As ponderações apresentadas até aqui já nos permitem perceber que a colonialidade linguística que reverbera, de distintos modos, nas rotas de mobilidade estudantil Brasil-Estados Unidos e Brasil-Portugal demanda um olhar crítico, mais amplo e aprofundado, sobre os mecanismos estruturantes de poder que (re)produzem, nesses espaços privilegiados de educação, desigualdades sociorraciais e discriminação pela língua do outro. Nesta seção, o nosso foco é a interseccionalidade de raça e políticas educacionais no Brasil voltadas para a aquisição (ou não) de língua inglesa que repercute em desigualdades e limita escolhas na mobilidade estudantil Brasil-Estados Unidos.

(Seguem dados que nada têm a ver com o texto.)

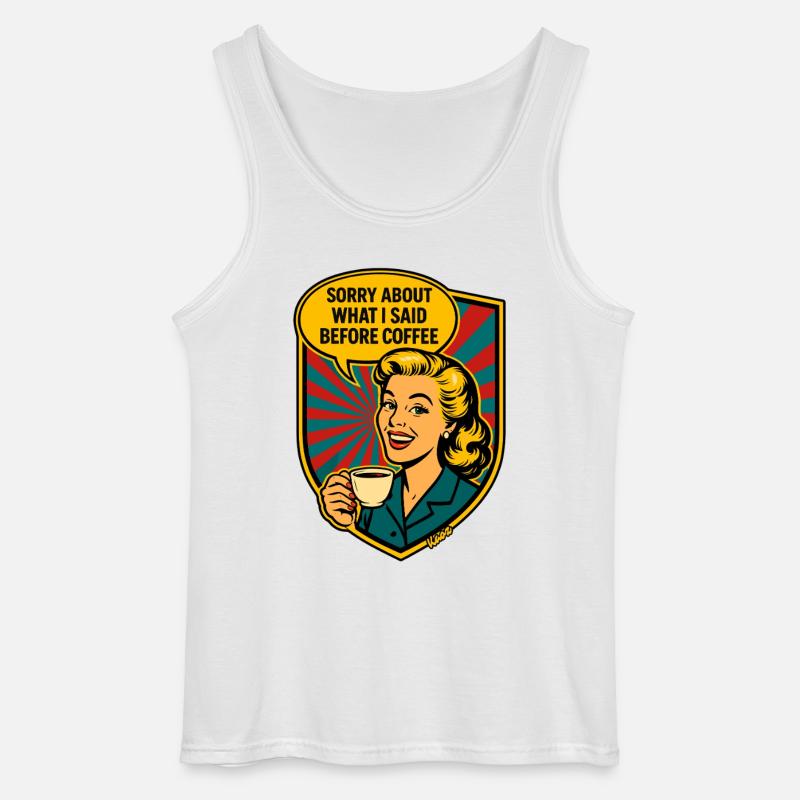 Før kaffe – Retro Meme - Gildan tanktop til mænd - hvid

Conforme Gabriel Nascimento (2019), o Estado brasileiro sempre promoveu políticas linguísticas “excludentes quando se trata de quem não é branco no país” (p. 15). Esta linha abissal teria ficado mais marcada na época da ditadura militar com a Lei de Diretrizes e Bases da Educação Nacional de 1971, que incentivou a oferta, de forma opcional, de línguas estrangeiras nas escolas públicas no momento em que os centros privados de idioma expandiram pelo país. Na visão do autor, essa ação política impôs às pessoas negras e pobres, que começavam a frequentar escolas públicas, “precariedades e abandono” ao negar-lhes, pelas condições econômicas, o aprendizado do inglês como língua estrangeira (Nascimento, 2019, p. 16).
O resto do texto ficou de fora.